Web page caption snippets
::::::::

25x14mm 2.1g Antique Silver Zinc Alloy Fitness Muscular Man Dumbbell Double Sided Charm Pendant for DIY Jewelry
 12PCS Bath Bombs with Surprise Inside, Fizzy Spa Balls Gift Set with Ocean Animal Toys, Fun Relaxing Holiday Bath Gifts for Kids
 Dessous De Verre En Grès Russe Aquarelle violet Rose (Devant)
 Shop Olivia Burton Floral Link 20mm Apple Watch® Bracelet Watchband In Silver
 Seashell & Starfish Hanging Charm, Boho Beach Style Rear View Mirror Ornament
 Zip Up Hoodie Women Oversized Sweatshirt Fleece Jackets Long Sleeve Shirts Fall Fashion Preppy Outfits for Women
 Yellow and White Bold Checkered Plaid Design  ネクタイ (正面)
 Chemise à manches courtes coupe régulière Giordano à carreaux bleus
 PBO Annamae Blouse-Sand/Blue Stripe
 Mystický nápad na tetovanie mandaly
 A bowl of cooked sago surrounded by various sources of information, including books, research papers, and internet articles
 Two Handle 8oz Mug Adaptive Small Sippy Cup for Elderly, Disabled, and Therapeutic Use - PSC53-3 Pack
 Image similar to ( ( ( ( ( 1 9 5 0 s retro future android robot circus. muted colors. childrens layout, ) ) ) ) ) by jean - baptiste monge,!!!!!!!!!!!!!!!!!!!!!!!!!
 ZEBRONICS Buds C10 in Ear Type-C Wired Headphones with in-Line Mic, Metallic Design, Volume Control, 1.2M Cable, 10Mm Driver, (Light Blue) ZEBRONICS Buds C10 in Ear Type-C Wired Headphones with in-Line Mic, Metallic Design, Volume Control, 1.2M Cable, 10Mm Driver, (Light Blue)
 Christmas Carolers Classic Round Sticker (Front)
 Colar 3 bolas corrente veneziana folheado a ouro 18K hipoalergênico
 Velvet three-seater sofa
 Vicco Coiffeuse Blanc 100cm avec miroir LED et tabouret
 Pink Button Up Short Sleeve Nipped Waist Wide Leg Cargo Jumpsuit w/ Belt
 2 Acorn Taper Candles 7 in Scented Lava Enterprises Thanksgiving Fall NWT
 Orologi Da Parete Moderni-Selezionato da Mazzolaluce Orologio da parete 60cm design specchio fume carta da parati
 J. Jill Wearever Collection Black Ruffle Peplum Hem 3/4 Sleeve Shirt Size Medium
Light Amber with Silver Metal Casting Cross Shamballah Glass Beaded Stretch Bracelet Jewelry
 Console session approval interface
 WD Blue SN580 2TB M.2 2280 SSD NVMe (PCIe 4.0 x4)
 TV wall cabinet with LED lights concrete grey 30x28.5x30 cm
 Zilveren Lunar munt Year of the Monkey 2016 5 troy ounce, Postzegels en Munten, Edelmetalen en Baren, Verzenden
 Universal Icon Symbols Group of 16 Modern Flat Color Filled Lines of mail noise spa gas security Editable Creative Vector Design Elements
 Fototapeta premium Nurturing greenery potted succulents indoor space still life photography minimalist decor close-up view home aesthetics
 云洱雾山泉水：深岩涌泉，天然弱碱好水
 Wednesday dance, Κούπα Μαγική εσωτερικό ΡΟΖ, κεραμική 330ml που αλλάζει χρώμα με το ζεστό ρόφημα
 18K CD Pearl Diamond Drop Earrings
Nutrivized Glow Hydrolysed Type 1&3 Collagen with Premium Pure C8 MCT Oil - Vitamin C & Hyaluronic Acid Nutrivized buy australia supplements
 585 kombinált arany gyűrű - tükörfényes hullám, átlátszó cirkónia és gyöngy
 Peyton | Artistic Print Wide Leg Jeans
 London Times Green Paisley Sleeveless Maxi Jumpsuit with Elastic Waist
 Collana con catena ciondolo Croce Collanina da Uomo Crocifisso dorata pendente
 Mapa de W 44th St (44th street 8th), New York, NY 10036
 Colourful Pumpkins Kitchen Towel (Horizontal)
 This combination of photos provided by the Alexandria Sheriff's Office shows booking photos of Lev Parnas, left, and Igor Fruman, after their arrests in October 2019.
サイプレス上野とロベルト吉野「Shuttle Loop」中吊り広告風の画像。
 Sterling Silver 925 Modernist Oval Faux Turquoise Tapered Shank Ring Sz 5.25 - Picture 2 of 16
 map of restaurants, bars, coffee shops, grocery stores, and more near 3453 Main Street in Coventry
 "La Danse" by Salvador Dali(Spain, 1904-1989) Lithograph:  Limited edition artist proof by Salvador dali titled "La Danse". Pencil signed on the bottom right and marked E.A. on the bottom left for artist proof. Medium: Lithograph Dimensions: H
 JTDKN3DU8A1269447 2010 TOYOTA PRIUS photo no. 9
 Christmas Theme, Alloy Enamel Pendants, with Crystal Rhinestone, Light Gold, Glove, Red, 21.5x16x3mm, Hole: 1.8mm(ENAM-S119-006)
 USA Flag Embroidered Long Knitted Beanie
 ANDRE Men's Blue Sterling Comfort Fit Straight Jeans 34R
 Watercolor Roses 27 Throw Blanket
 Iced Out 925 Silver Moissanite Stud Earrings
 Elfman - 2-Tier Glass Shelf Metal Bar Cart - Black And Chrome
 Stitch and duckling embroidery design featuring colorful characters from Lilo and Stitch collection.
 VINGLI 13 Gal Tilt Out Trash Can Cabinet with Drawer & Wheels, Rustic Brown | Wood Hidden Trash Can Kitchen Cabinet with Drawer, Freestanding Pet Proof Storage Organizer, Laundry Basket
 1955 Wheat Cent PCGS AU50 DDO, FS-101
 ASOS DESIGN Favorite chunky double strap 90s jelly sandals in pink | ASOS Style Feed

::::::::

- _PROBLEM REQUIREMENTS_
Take the stretch of lines above from the one containing "サイプレス上野とロベルト吉野「Shuttle Loop」中吊り広告風の画像。" through the one containing "map of restaurants, bars, coffee" and repeat it exactly, adding no other line.

- _REPLY_
サイプレス上野とロベルト吉野「Shuttle Loop」中吊り広告風の画像。
 Sterling Silver 925 Modernist Oval Faux Turquoise Tapered Shank Ring Sz 5.25 - Picture 2 of 16
 map of restaurants, bars, coffee shops, grocery stores, and more near 3453 Main Street in Coventry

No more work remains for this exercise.